Snow. Tiny specks of dust and other particles in the air that attract water vapor to become ice crystals. That is what fascinated a man named Wilson ‘Snowflake’ Bentley enough to capture thousands of one-of-a-kind snowflake photographs and what drew my friend Alf to Utah.

In the winter and early spring of 1989, I sat as a Bonneville Junior High ninth grader with Alf Engen in his office at Alta. As a presenter at the Utah History Fair that year, I was gathering stories and artifacts for my project titled 'Utah’s Winter King: A Key Individual in the History of Utah’s Ski Industry'.

Engen shared stories about building ski jumps over the fences between his home and school and his journey from Norway to America, not to ski but to buy back the Engen estate divided up at his father’s death of the Spanish Flu in 1919. He said, “I was going to make enough money to go back, but I didn’t know how I was going to do that. I didn’t even know there was much snow here, I never read about that.”

After sharing stories about arriving in Ellis Island, playing soccer in Milwaukee, scaffold hill jumping on Ecker Hill, and cross-country skiing as a forest service employee over Catherine Pass to imagine Alta as a ski hub, he ended with how he felt about jumping Utah’s snow: “They would say “Send Gummer--that is ‘old man’ in Norwegian--over first,” and I would have to do anything new. I knew I could do it, even if I had never tried it before. Once you are up there, you can fly.”

I had forgotten about that experience chatting about snow with a Utah snow giant until a few weeks ago, gazing out at the snow-frosted hoodoos of Bryce Canyon. I gripe about snow plowing piles and delayed-start school days, and I’d rather cut snowflakes from paper than be out in it most frigid days. Yet, this Christmas a friend gave me a blue and white book titled, “The Little Book of Snow.”
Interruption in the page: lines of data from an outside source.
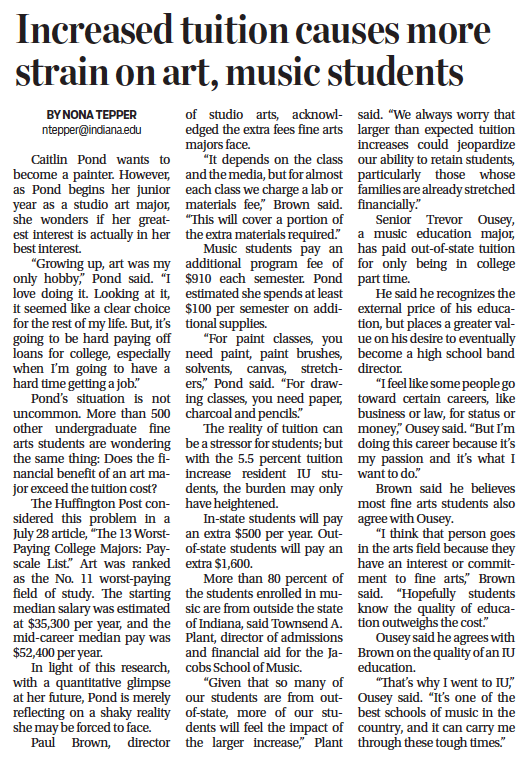 Increased tuition causes more strain on art, music students
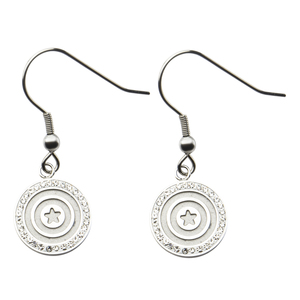 Marvel Women's Stainless Steel Gem Captain America Logo Dangle Earrings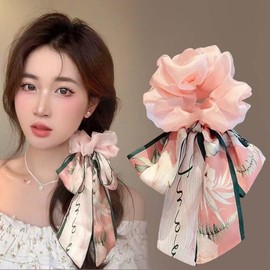 TUCEWP 2Pcs Scrunchies for Women Pink Black Bow Hair Scrunchies Elastic Hair Scarf Scrunchie Soft Satin Hair Ribbon Scrunchy Knotted Bow Long Tails Hair Bands Vintage Ponytail Holders Hair Accessories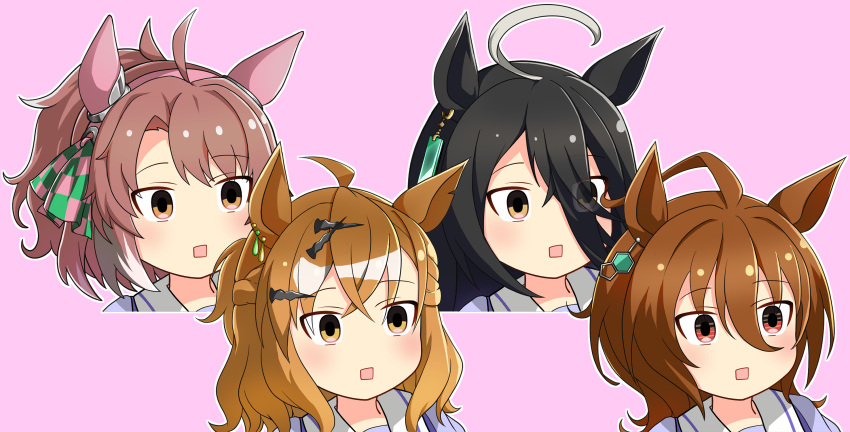 4girls, agnes_tachyon_(umamusume), ahoge, animal_ears, black_hair, blush, brown_eyes, brown_hair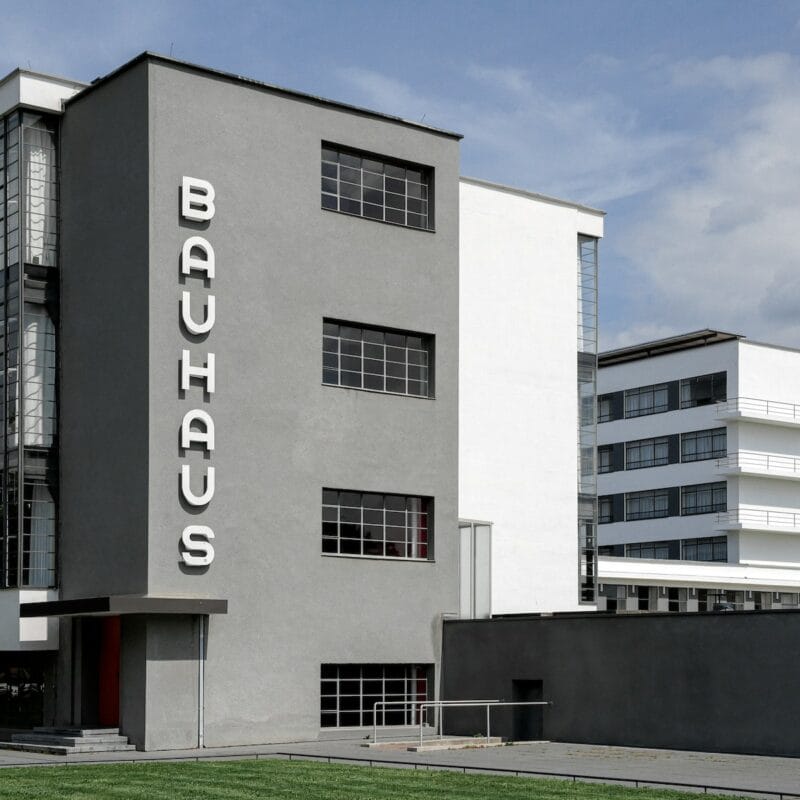 bauhaus design school building. A building with a Bauhaus sign on the side of it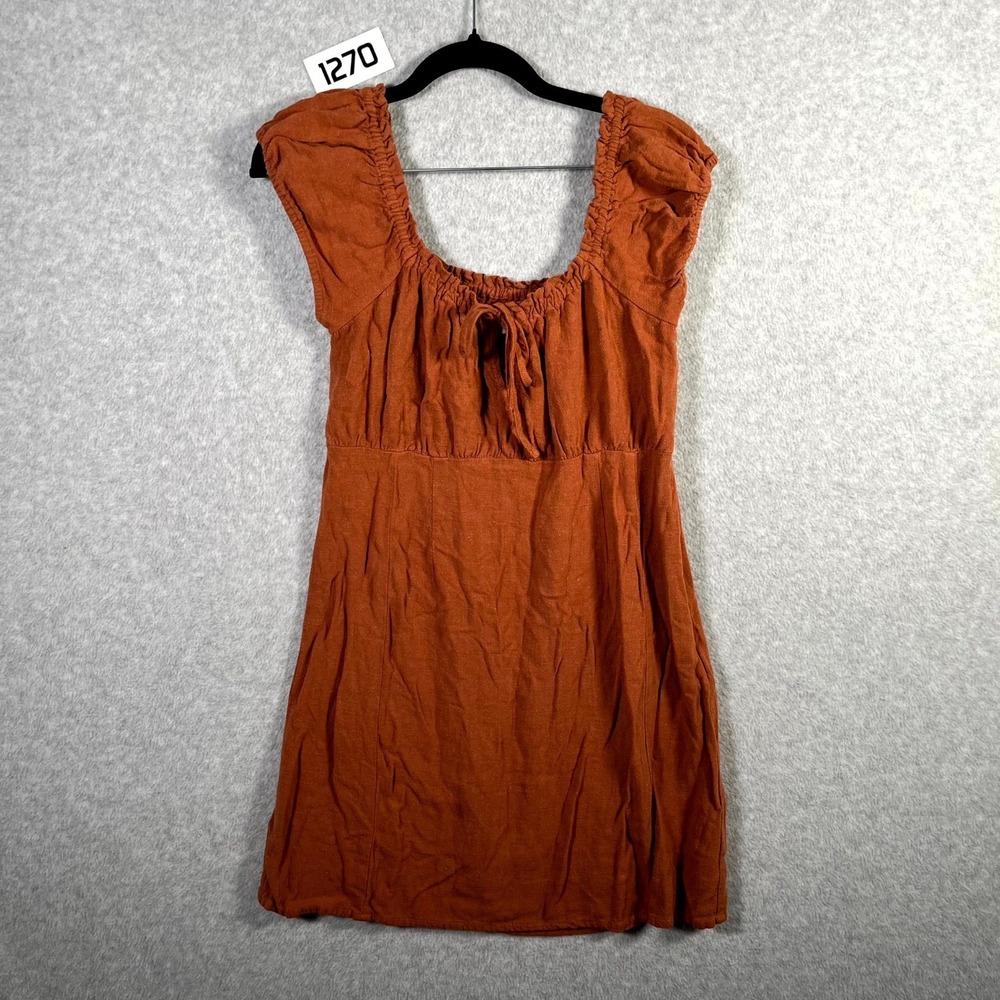 Aeropostale Keyhole Empire Waist Mini‎ Dress Womens Medium Rust Orange Rayon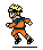 Pixelated character in orange jumpsuit with blue vest and black shoes running on white background, shown from multiple angles.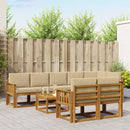 Udendørs sofagruppe med pude 9 pcs Naturlig og Beige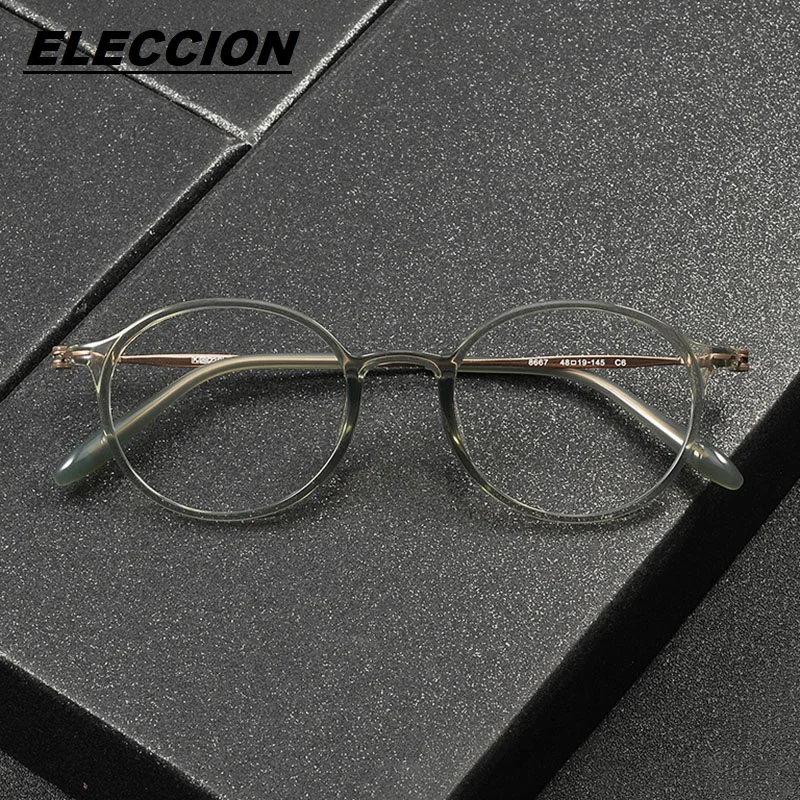 ELECCION High-quality Fashion Woman's Glasses Frame ULTEM Titanium Round Rim Optical Myopia Eyeglass Frames Prescription Eyewear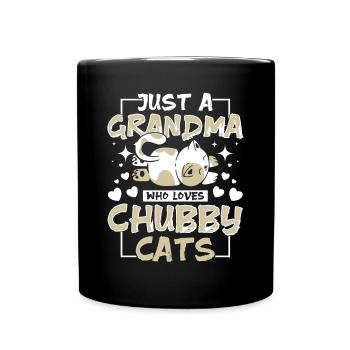 Grand-mère qui aime les chats potelés - Mug uni - noir - Devant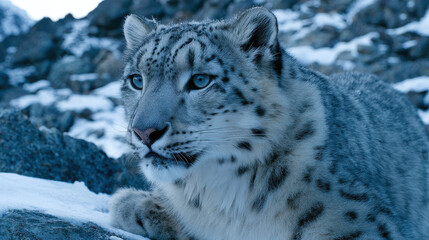 Obraz premium Snow leopard in snowy mountain landscape, showcasing its beautiful fur and piercing eyes, embodying grace and strength in wild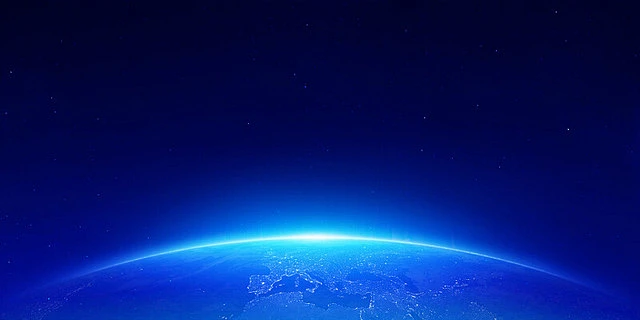 蓝色科技感地球星球星空光效渐变科幻月球简约背景科技地球-花瓣网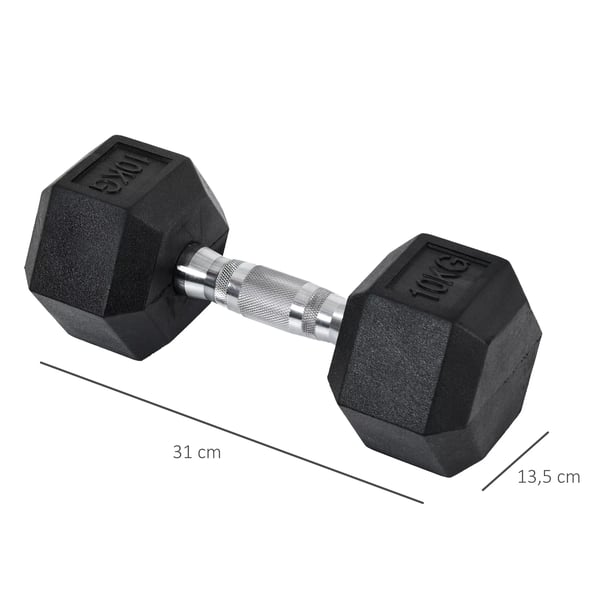 HOMCOM Hexagon-käsipainot, 2 kpl, 2x10 kg, valurauta, kumipinnoite, musta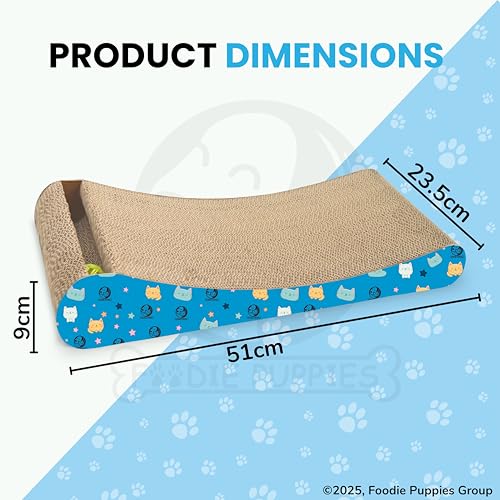 Image of Foodie Puppies 2-in-1 Reversible Cat Scratcher Pad with Catnip for Cats & Kittens, (Slider Bell 51 x 23 x 9 cm) | Durable Corrugated Cardboard Cat Scratching Pad for Furniture Protection, Play & Rest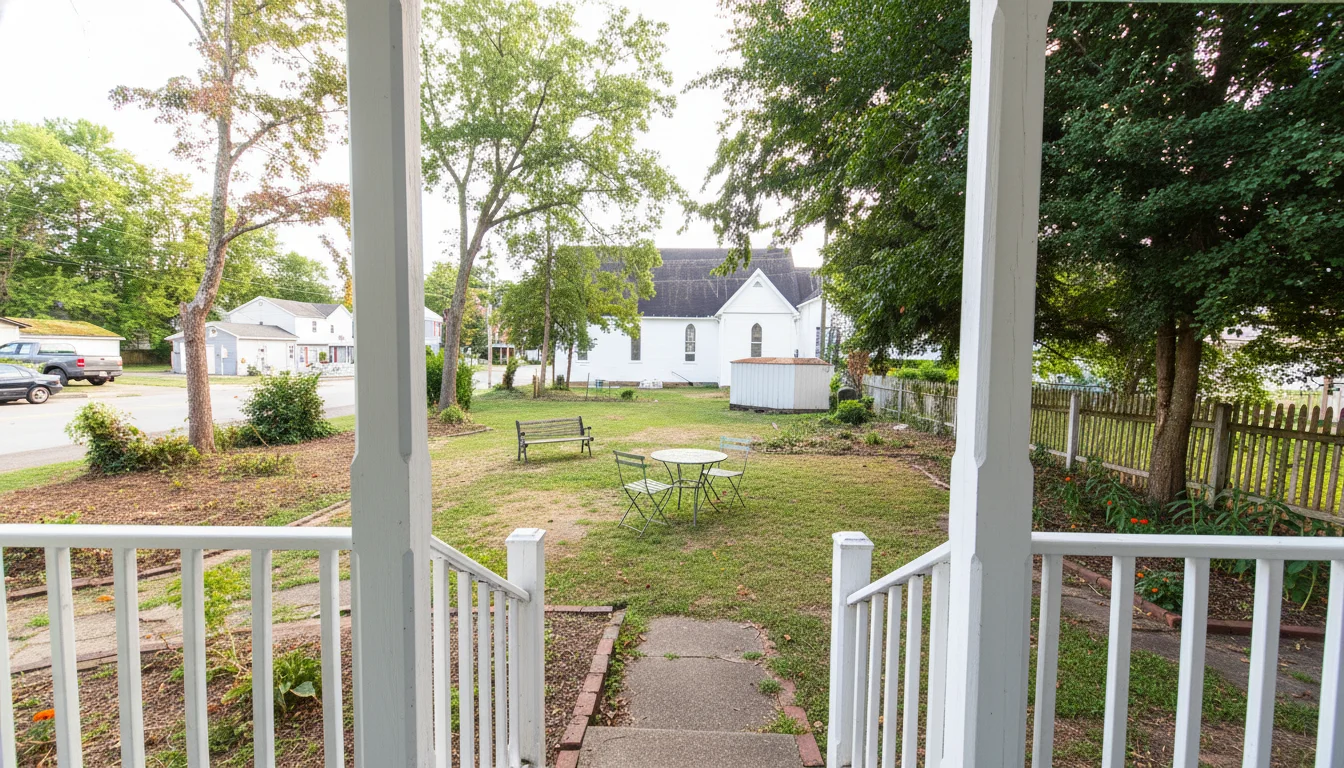 Garden seating areas with bistro tables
For someone who grew up in “the greatest snow on earth,” I thought I knew snow well enough, but in addition to discovering linguistic similarities for the word snow and that some have estimated the number of snowflakes that fall to earth each year to be a number with at least 24 zeroes, I confirmed my suspicions about snow that is not white.

I’ve often encountered pink snow patches at the high altitudes of Utah, and with a nudge from the watermelon snow paragraph, I found an intriguing citizen science opportunity online called "The Living Snow Project" led by Dr. Robin Kodner at Western Washington University. By contributing data about spring snow algal blooms through sample vials or at least observation photographs, scientists can study microscopic snow communities and their impact on snow melt.

Snow. When I asked him what about Utah made him stay, Alf Engen said, “Why, it was definitely the snow.” Snow is the stuff of which stories, science, and wonderful dreams are made.